- [Task details]: Write down exactly what lies from the line containing "#chinchin #snacks #snacking" to the end of the records, inclusive, and omit the pictures.

┏━━

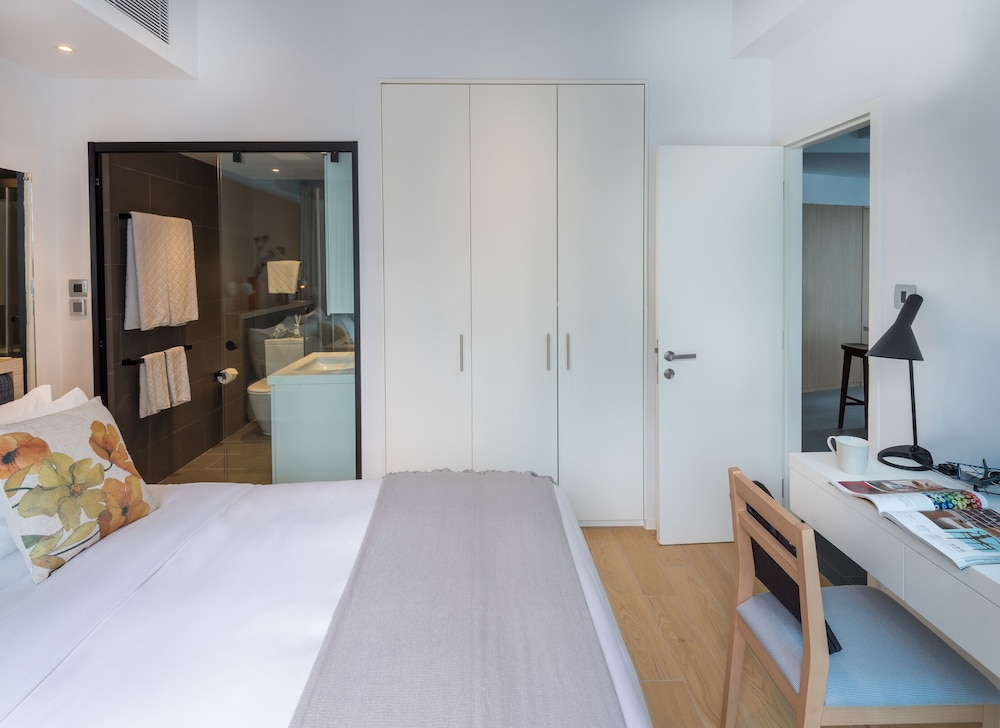 CHI Residences 138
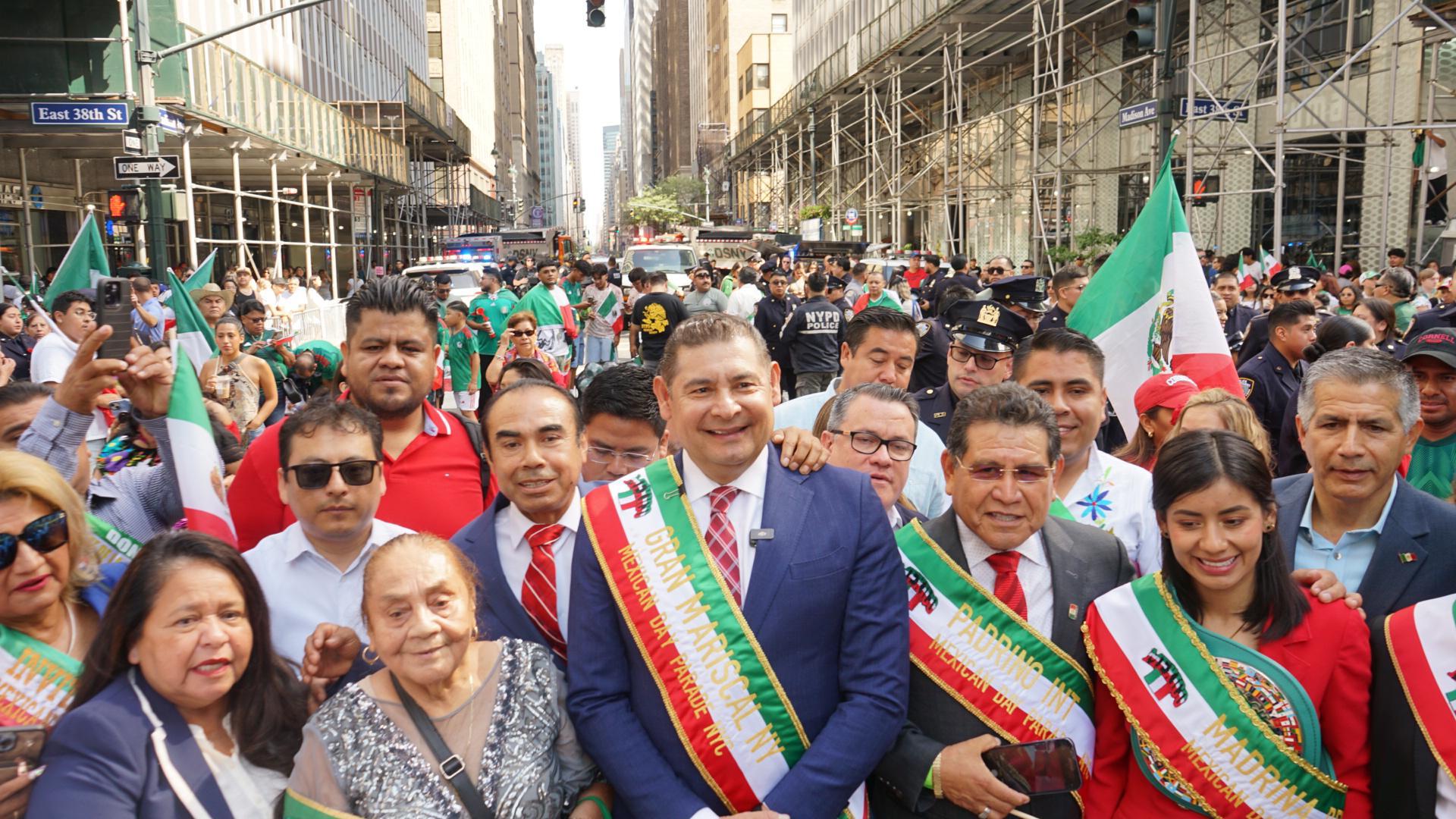 Gobierno de Puebla respalda a comunidad migrante y fortalece identidad en Unión Americana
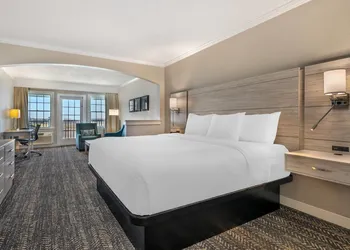 Comfort Suites Chincoteague Island Bayfront Resort hotel thumbnail 5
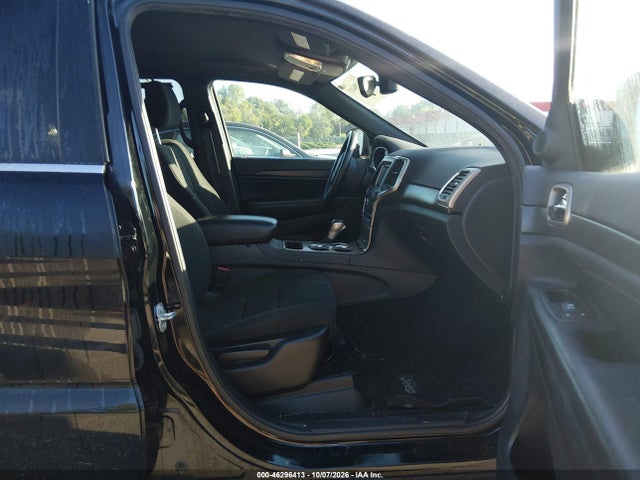46296413 :رقم المزاد ، 1C4RJFAGXHC754441 vin ، 2017 Jeep Grand Cherokee Laredo 4x4 مزاد بيع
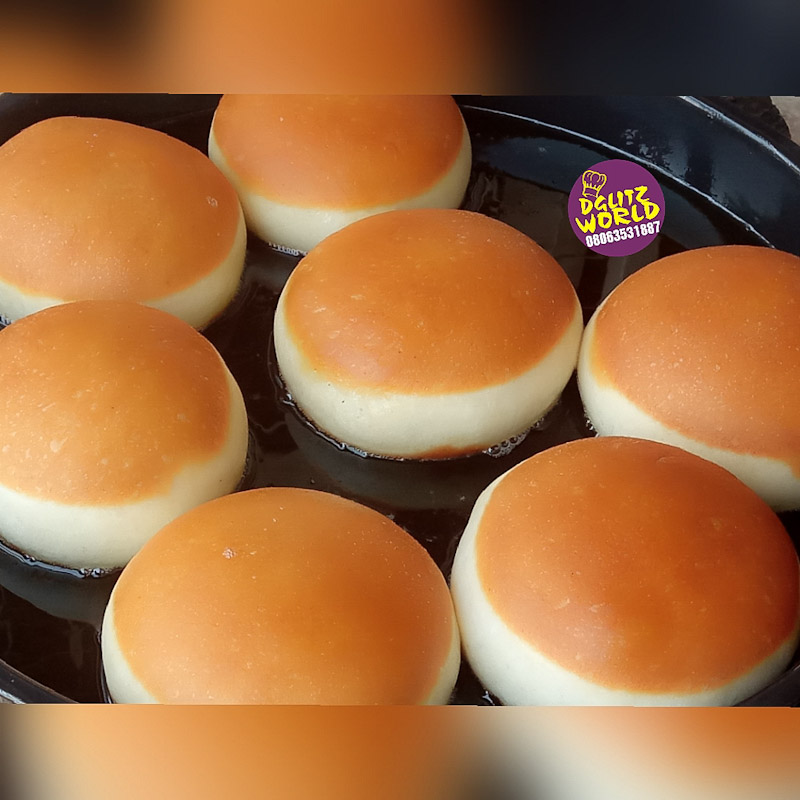 d_glitz_world's tweet photo. Yummy😋😋😋😋😋
.
.
.
.
.
.
.
.
#chinchin #snacks #snacking #snackideas #snackinghealthy #dglitzworld #abuja #kubwa #explore #explorepage #exploremore #pastrychef #pastry #dglitzworldcaketools #doughnuts #jamdoughnut https://t.co/UAefYh0mb1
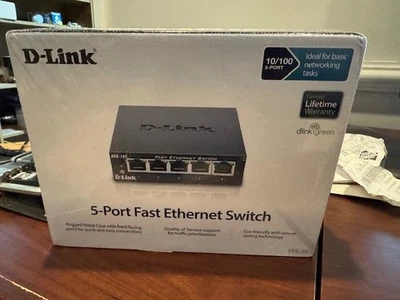 D-Link  DES (DES-105) 5-Ports External Switch - Image 1 of 2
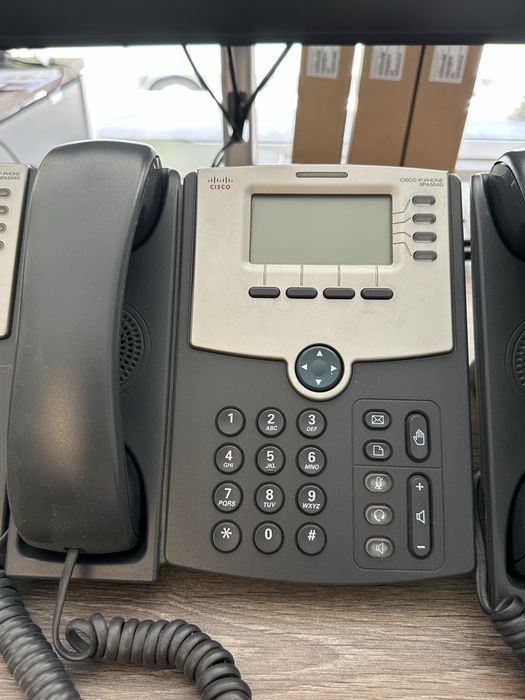 IP телефони Cisco SPA502G/SPA504G/SPA508G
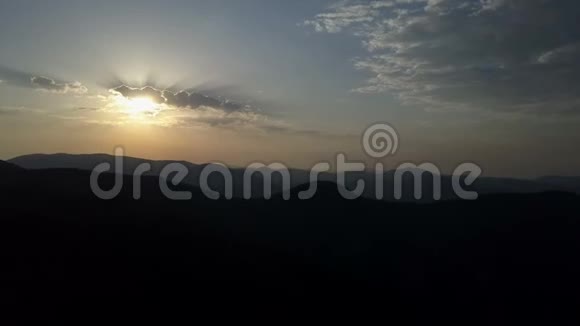 日出光线下群山的美丽轮廓日出时在克里米亚令人惊叹的山景视频的预览图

┗━━

- [Response box]:
#chinchin #snacks #snacking #snackideas #snackinghealthy #dglitzworld #abuja #kubwa #explore #explorepage #exploremore #pastrychef #pastry #dglitzworldcaketools #doughnuts #jamdoughnut https://t.co/UAefYh0mb1
 D-Link  DES (DES-105) 5-Ports External Switch - Image 1 of 2
 IP телефони Cisco SPA502G/SPA504G/SPA508G
 日出光线下群山的美丽轮廓日出时在克里米亚令人惊叹的山景视频的预览图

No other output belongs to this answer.